▶ [THE DATA]:
-------

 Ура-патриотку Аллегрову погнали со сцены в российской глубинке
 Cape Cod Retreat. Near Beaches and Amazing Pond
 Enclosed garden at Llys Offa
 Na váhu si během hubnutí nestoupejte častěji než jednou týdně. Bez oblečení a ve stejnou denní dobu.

-------

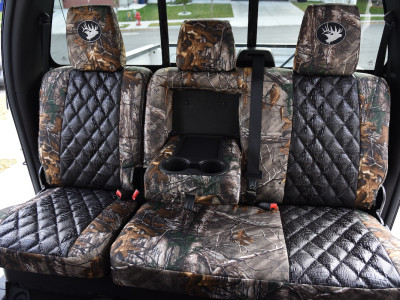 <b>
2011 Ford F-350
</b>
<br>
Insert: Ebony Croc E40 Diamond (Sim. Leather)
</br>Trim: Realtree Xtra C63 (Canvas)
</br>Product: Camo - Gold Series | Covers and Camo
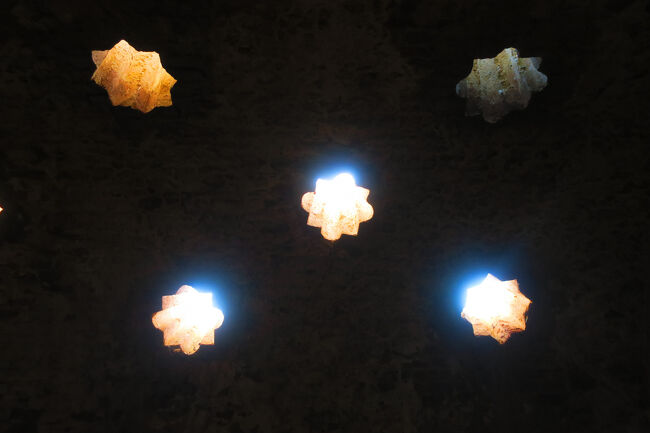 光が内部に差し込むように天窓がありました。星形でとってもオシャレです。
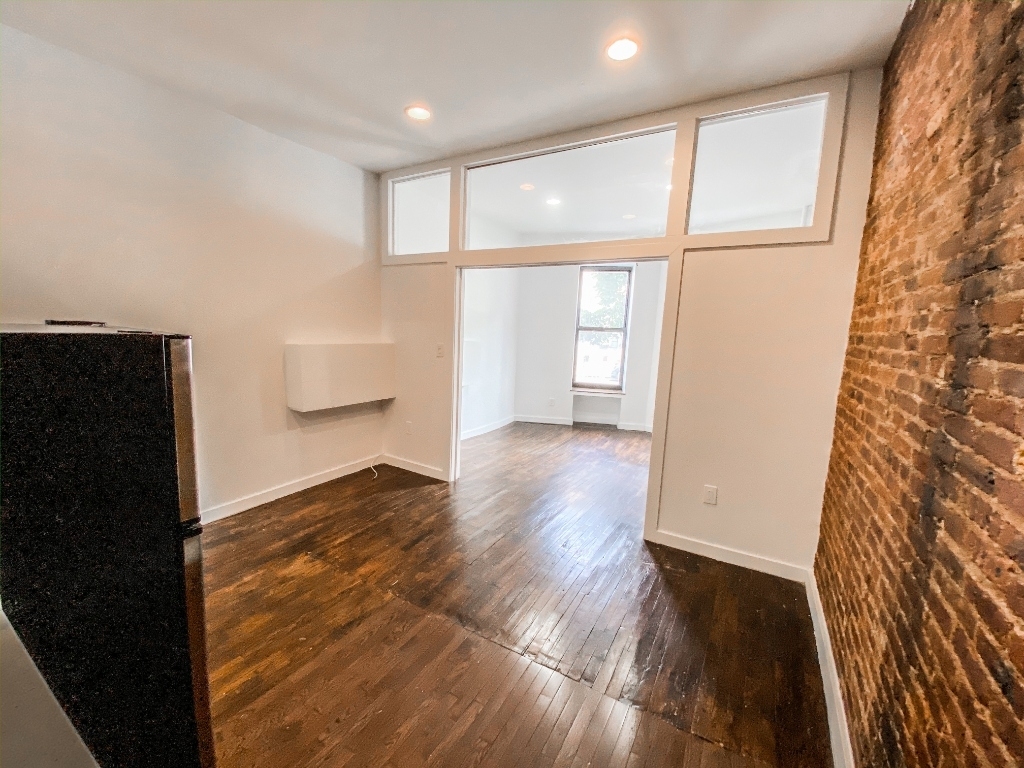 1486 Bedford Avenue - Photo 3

-------

▶ [DIRECTIONS FOR THIS TASK]: Once the line with "Insert: Ebony Croc E40 Diamond (Sim. Leather)" is found above, print it and every line after it through the line with "1486 Bedford Avenue - Photo 3", exactly. Pictures stay out.

▶ [EXPECTED OUTPUT]:
Insert: Ebony Croc E40 Diamond (Sim. Leather)
</br>Trim: Realtree Xtra C63 (Canvas)
</br>Product: Camo - Gold Series | Covers and Camo
 光が内部に差し込むように天窓がありました。星形でとってもオシャレです。
 1486 Bedford Avenue - Photo 3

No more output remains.